Como o gesto de Pip não nasceu do amor, mas do medo, ele teve dificuldade em aceitar que a origem das suas esperanças procedia daquele forçado. O curioso é que, com o tempo, também em Pip se opera uma transformação com origem na gratidão. Magwitch, afinal, trabalhou duro para fazer dele um cavalheiro e arriscou a própria vida para revê-lo. E Pip não apenas passou a ver o forçado com outros olhos como, através dele, começou a compensar as faltas cometidas contra as pessoas que queria bem – sobretudo o honesto ferreiro Joe, em cuja casa cresceu.

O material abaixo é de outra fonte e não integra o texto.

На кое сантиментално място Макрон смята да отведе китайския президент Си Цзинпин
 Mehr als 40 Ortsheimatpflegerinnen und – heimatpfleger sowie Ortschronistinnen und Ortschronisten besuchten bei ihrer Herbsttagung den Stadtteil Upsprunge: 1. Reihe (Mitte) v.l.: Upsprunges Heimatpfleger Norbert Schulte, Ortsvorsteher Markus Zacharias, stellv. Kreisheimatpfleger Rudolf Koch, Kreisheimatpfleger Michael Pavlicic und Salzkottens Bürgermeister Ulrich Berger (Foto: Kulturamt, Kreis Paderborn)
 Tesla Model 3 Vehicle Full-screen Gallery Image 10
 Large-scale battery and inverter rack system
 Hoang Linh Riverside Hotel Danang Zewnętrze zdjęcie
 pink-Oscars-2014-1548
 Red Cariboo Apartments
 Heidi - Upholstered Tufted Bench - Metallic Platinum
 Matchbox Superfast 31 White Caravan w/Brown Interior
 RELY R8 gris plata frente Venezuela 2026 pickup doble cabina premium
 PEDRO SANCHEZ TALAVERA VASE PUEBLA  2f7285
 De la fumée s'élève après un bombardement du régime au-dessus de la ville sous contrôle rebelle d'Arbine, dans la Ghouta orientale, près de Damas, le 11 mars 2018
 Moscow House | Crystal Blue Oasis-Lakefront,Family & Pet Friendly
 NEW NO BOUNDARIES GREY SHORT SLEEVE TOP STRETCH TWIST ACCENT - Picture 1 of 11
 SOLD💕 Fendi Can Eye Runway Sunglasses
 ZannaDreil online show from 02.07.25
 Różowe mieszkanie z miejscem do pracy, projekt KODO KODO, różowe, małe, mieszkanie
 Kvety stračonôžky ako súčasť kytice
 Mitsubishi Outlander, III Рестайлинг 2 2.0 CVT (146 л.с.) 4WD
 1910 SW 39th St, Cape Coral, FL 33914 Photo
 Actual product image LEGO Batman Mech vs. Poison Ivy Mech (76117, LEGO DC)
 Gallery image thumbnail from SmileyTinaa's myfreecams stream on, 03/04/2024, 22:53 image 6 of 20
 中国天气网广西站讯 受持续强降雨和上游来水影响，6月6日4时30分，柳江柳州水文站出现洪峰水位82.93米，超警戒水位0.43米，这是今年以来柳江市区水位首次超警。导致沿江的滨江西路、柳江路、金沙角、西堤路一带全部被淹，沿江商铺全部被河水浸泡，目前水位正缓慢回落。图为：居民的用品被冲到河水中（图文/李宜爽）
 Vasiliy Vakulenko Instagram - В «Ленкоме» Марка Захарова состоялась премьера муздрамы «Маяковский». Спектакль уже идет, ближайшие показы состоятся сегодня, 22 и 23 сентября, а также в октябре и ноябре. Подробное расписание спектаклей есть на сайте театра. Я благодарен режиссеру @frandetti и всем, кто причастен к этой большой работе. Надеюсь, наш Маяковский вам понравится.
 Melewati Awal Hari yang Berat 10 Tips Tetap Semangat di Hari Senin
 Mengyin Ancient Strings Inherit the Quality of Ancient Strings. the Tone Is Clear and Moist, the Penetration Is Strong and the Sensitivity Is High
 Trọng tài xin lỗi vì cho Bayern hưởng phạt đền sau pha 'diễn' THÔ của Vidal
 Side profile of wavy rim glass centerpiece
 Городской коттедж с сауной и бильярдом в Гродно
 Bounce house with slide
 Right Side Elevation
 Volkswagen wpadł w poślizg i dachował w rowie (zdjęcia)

Embora atormentado pelo sentimento de ingratidão desde o momento em que deixou a sua casa com destino a Londres, Pip só encontrou força suficiente para resolver o conflito quando também ele se sentiu não merecedor de um gesto de bondade. Assim, quando Joe, “homem excelente”, “verdadeiro cristão”, o mesmo Joe que ele praticamente esquecera, veio cuidar dele quando estava enfermo e frustrado em suas esperanças, Pip sentiu toda a vergonha da sua ingratidão. E, como não se passa impune por esse sentimento, buscou emendar a sua vida.
É interessante que, já depois de tomar disposições nesse sentido, Pip sofra acusações injustas de ingratidão por parte de seu parente Pumblechook. Embora aturdido pelo seu cinismo, Pip não defende a sua imagem diante daqueles que presenciavam a cena. Sofre a injustiça, como também sofreu Magwitch em seu julgamento, parecendo deixar a sentença para “Aquele que tudo sabe e não pode se enganar” – este, talvez faça o bem que, afinal, não merecemos.